**Data:**
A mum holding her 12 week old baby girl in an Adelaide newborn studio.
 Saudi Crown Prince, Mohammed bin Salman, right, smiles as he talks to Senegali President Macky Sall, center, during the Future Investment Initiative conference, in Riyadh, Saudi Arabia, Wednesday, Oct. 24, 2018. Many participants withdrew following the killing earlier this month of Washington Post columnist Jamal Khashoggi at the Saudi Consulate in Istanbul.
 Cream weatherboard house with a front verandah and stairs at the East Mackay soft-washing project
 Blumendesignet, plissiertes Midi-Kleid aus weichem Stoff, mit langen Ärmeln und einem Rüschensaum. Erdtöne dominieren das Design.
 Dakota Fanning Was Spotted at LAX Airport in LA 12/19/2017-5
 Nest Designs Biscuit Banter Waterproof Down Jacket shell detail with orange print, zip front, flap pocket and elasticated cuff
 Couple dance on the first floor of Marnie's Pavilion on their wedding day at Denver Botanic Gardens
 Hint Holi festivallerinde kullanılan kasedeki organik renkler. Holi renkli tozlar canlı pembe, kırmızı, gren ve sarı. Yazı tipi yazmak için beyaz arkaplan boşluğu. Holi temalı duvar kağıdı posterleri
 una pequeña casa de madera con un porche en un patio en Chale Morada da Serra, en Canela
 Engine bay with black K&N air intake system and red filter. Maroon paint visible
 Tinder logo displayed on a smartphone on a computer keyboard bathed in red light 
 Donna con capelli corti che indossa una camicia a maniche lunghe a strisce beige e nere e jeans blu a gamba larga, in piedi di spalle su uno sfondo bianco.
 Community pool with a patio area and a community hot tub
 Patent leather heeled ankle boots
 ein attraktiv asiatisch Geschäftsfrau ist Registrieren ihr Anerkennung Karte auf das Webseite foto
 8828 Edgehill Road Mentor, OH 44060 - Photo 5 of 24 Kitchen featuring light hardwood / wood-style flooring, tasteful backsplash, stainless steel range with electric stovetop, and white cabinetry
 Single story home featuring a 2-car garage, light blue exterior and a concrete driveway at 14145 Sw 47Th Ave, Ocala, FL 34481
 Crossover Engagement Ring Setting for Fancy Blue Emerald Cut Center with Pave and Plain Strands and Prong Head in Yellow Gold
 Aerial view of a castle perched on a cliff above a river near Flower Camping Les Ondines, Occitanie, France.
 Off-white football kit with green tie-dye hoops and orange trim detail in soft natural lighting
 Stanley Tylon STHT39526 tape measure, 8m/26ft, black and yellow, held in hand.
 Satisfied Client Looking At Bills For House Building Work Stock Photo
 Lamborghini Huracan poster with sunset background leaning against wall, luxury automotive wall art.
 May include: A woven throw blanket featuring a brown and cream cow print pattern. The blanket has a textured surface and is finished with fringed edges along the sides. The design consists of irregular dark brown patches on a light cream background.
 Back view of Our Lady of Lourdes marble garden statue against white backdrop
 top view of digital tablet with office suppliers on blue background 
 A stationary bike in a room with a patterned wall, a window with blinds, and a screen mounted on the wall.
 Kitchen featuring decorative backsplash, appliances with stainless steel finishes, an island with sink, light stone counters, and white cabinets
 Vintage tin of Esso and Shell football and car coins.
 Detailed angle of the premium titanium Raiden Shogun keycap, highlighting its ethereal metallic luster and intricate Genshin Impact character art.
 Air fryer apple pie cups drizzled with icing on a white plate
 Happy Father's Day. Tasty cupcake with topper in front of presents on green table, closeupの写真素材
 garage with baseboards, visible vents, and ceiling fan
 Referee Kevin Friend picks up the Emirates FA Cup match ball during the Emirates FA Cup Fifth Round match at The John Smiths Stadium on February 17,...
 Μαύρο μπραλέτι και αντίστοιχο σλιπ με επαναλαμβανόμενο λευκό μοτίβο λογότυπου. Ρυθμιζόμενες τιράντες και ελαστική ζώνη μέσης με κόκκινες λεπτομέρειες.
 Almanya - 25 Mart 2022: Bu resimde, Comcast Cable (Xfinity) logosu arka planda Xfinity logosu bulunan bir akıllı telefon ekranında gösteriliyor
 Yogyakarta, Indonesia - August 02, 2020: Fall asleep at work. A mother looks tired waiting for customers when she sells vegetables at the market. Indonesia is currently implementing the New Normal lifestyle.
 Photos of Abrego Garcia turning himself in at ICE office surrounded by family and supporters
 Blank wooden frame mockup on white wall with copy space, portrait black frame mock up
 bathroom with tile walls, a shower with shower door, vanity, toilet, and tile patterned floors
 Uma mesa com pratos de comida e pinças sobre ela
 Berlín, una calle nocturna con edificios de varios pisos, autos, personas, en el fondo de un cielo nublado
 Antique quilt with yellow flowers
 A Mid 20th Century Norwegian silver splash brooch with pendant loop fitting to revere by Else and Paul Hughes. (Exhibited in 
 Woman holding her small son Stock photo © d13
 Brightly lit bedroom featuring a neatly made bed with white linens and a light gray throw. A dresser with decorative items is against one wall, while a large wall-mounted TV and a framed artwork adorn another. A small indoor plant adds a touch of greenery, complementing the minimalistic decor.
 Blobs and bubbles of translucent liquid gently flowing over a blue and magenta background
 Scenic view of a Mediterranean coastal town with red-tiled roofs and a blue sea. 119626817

**Assignment:** What you should produce is an exact retyping of every line above.

**Task response:**
A mum holding her 12 week old baby girl in an Adelaide newborn studio.
 Saudi Crown Prince, Mohammed bin Salman, right, smiles as he talks to Senegali President Macky Sall, center, during the Future Investment Initiative conference, in Riyadh, Saudi Arabia, Wednesday, Oct. 24, 2018. Many participants withdrew following the killing earlier this month of Washington Post columnist Jamal Khashoggi at the Saudi Consulate in Istanbul.
 Cream weatherboard house with a front verandah and stairs at the East Mackay soft-washing project
 Blumendesignet, plissiertes Midi-Kleid aus weichem Stoff, mit langen Ärmeln und einem Rüschensaum. Erdtöne dominieren das Design.
 Dakota Fanning Was Spotted at LAX Airport in LA 12/19/2017-5
 Nest Designs Biscuit Banter Waterproof Down Jacket shell detail with orange print, zip front, flap pocket and elasticated cuff
 Couple dance on the first floor of Marnie's Pavilion on their wedding day at Denver Botanic Gardens
 Hint Holi festivallerinde kullanılan kasedeki organik renkler. Holi renkli tozlar canlı pembe, kırmızı, gren ve sarı. Yazı tipi yazmak için beyaz arkaplan boşluğu. Holi temalı duvar kağıdı posterleri
 una pequeña casa de madera con un porche en un patio en Chale Morada da Serra, en Canela
 Engine bay with black K&N air intake system and red filter. Maroon paint visible
 Tinder logo displayed on a smartphone on a computer keyboard bathed in red light 
 Donna con capelli corti che indossa una camicia a maniche lunghe a strisce beige e nere e jeans blu a gamba larga, in piedi di spalle su uno sfondo bianco.
 Community pool with a patio area and a community hot tub
 Patent leather heeled ankle boots
 ein attraktiv asiatisch Geschäftsfrau ist Registrieren ihr Anerkennung Karte auf das Webseite foto
 8828 Edgehill Road Mentor, OH 44060 - Photo 5 of 24 Kitchen featuring light hardwood / wood-style flooring, tasteful backsplash, stainless steel range with electric stovetop, and white cabinetry
 Single story home featuring a 2-car garage, light blue exterior and a concrete driveway at 14145 Sw 47Th Ave, Ocala, FL 34481
 Crossover Engagement Ring Setting for Fancy Blue Emerald Cut Center with Pave and Plain Strands and Prong Head in Yellow Gold
 Aerial view of a castle perched on a cliff above a river near Flower Camping Les Ondines, Occitanie, France.
 Off-white football kit with green tie-dye hoops and orange trim detail in soft natural lighting
 Stanley Tylon STHT39526 tape measure, 8m/26ft, black and yellow, held in hand.
 Satisfied Client Looking At Bills For House Building Work Stock Photo
 Lamborghini Huracan poster with sunset background leaning against wall, luxury automotive wall art.
 May include: A woven throw blanket featuring a brown and cream cow print pattern. The blanket has a textured surface and is finished with fringed edges along the sides. The design consists of irregular dark brown patches on a light cream background.
 Back view of Our Lady of Lourdes marble garden statue against white backdrop
 top view of digital tablet with office suppliers on blue background 
 A stationary bike in a room with a patterned wall, a window with blinds, and a screen mounted on the wall.
 Kitchen featuring decorative backsplash, appliances with stainless steel finishes, an island with sink, light stone counters, and white cabinets
 Vintage tin of Esso and Shell football and car coins.
 Detailed angle of the premium titanium Raiden Shogun keycap, highlighting its ethereal metallic luster and intricate Genshin Impact character art.
 Air fryer apple pie cups drizzled with icing on a white plate
 Happy Father's Day. Tasty cupcake with topper in front of presents on green table, closeupの写真素材
 garage with baseboards, visible vents, and ceiling fan
 Referee Kevin Friend picks up the Emirates FA Cup match ball during the Emirates FA Cup Fifth Round match at The John Smiths Stadium on February 17,...
 Μαύρο μπραλέτι και αντίστοιχο σλιπ με επαναλαμβανόμενο λευκό μοτίβο λογότυπου. Ρυθμιζόμενες τιράντες και ελαστική ζώνη μέσης με κόκκινες λεπτομέρειες.
 Almanya - 25 Mart 2022: Bu resimde, Comcast Cable (Xfinity) logosu arka planda Xfinity logosu bulunan bir akıllı telefon ekranında gösteriliyor
 Yogyakarta, Indonesia - August 02, 2020: Fall asleep at work. A mother looks tired waiting for customers when she sells vegetables at the market. Indonesia is currently implementing the New Normal lifestyle.
 Photos of Abrego Garcia turning himself in at ICE office surrounded by family and supporters
 Blank wooden frame mockup on white wall with copy space, portrait black frame mock up
 bathroom with tile walls, a shower with shower door, vanity, toilet, and tile patterned floors
 Uma mesa com pratos de comida e pinças sobre ela
 Berlín, una calle nocturna con edificios de varios pisos, autos, personas, en el fondo de un cielo nublado
 Antique quilt with yellow flowers
 A Mid 20th Century Norwegian silver splash brooch with pendant loop fitting to revere by Else and Paul Hughes. (Exhibited in 
 Woman holding her small son Stock photo © d13
 Brightly lit bedroom featuring a neatly made bed with white linens and a light gray throw. A dresser with decorative items is against one wall, while a large wall-mounted TV and a framed artwork adorn another. A small indoor plant adds a touch of greenery, complementing the minimalistic decor.
 Blobs and bubbles of translucent liquid gently flowing over a blue and magenta background
 Scenic view of a Mediterranean coastal town with red-tiled roofs and a blue sea. 119626817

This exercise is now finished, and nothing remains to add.